I have plucked from two consecutive pages of the poem words that I didn’t know before - yet was able to accept without losing the flow and sense of the poetry as I read it: lusk; shrammed; reasty; undern; and winsel.
‘Lusk’, I discovered, was in Chaucer’s time a term equivalent to our ‘lurk’; ‘reasty’, in the sixteenth century, meant ‘rancid’; ‘undern’ denoted ‘midday’.
‘Shrammed’ and ‘winsel’ I can’t find in a standard dictionary, but from the contexts I am willing to bet that they meant ‘shrunk’or ‘wizened’, and ‘windfall’ respectively. I guess that Sackville-West knew them from local dialect (she was born and brought up at Knole in Kent) and probably we should find them listed and defined in Joseph Wright’s mammoth English Dialect Dictionary of 1905.

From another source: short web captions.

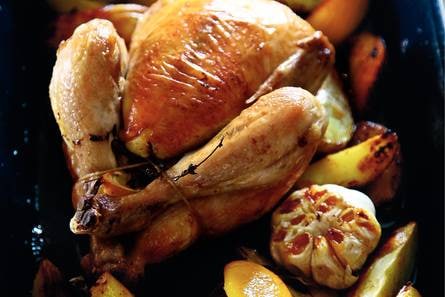 Knoflookkip uit de oven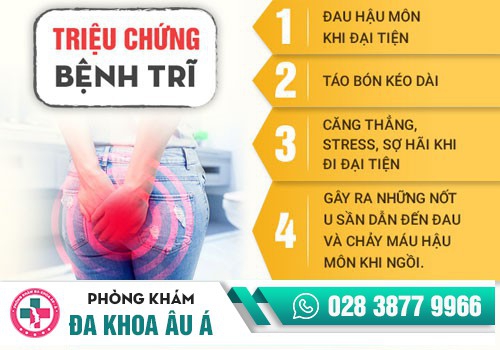 NHỮNG BỆNH HẬU MÔN THƯỜNG GẶP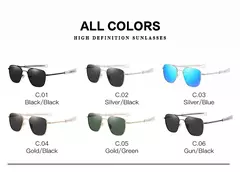 Azul Aviação Óculos Polarizados para Homens e Mulheres, Marca de Luxo, Alta Qualidade, Tons Estéticos, Quadrado Piloto Óculos De Condução, UV400, 2022 - Wolf Magazine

The Land is wonderful, beautifully written verse, sometimes ‘blank’, sometimes with a rhyming pattern so unobtrusive that it’s only after you’ve read half a page that you realise the rhymes are there; and every now and again it shifts for a while into new rhythms or bursts into lyrical verses that remind one a bit of Clare or Housman or Bridges.
Get yourself a copy.
Look to your stooking
A miscellaneous compilation of articles and off-the-cuff ideas, mostly relating to the English Language and its words, and how well they are used on some occasions, and how badly on others. But other topics and whimsies are likely to keep cropping up too. This blog is closely related to the website mentioned below.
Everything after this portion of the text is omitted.